Regular expression to match optional group

Question

I'm expecting a string that may or may not have '#' followed by some numbers. If there's any numbers after '#' I want to capture it as second group, otherwise just capture everything in first group. Following is example for C#

• ABC#99999//match Group1: ABC and Group2: 99999
• 9ABC#8 //match Group1 9ABC and Group
• 9ABC //match Group1 9ABC
• 9ABC# //match Group1 9ABC#

The following Regex works, but for 3rd and 4th string, it captures into group 3 instead of group 1. is there a better way for the above scenario?

(?:(.+)#(\d+))|(.+)

Alternatively, I came up with following Regex, but the problem is since the first group doesn't have a fixed format (like length), it captures whole string from 1st and second string instead of capturing 2 groups

(.+)(?:#(\d+))?

Answer 1

To match a whole string and place the part before an optional # + digits into Group 1 and all those digits into Group 2, you may use

^(.+?)(?:#(\d+))?$

See the .NET regex demo.

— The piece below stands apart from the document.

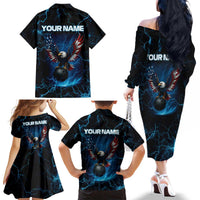 Lightning Bowling Family Matching Off The Shoulder Long Sleeve Dress and Hawaiian Shirt Electric Blue Ball and American Eagle Graphic on Stormy Black Background - Wonder Print Shop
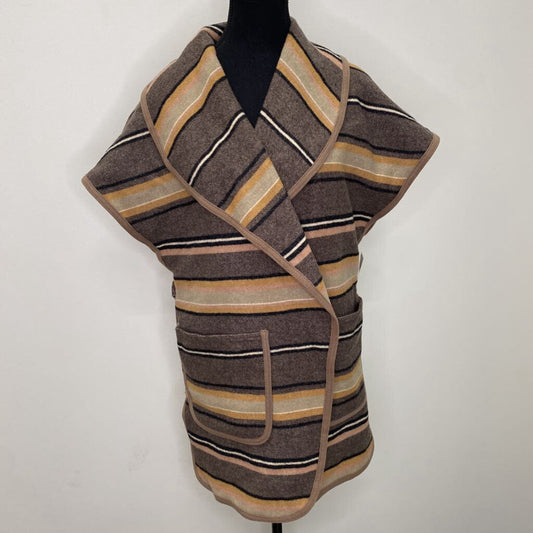 *AS IS* WILFRED FREE - WOOL-BLEND WESTERN STRIPED PONCHO VEST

The \r? is added because it is a multiline input demo, you won't need it if you plan to test separate strings against the pattern.

Details

• ^ - start of string
• (.+?) - Group 1: one or more chars as few as possible (due to +? lazy quantifier) (NOTE that if Group 1 value may be missing, use (.*?) instead)
• (?:#(\d+))? - an optional non-capturing group matching 1 or 0 occurrences of
  • # - a # symbol
  • (\d+) - Group 2: one or more digits
• $ - end of string.

Answer 2

Try

(\w+)(?:#(\d+))?

The # is in an optional non-capturing group, and the following digits in a captured group inside the non-capturing group.

https://regex101.com/r/obKPFw/1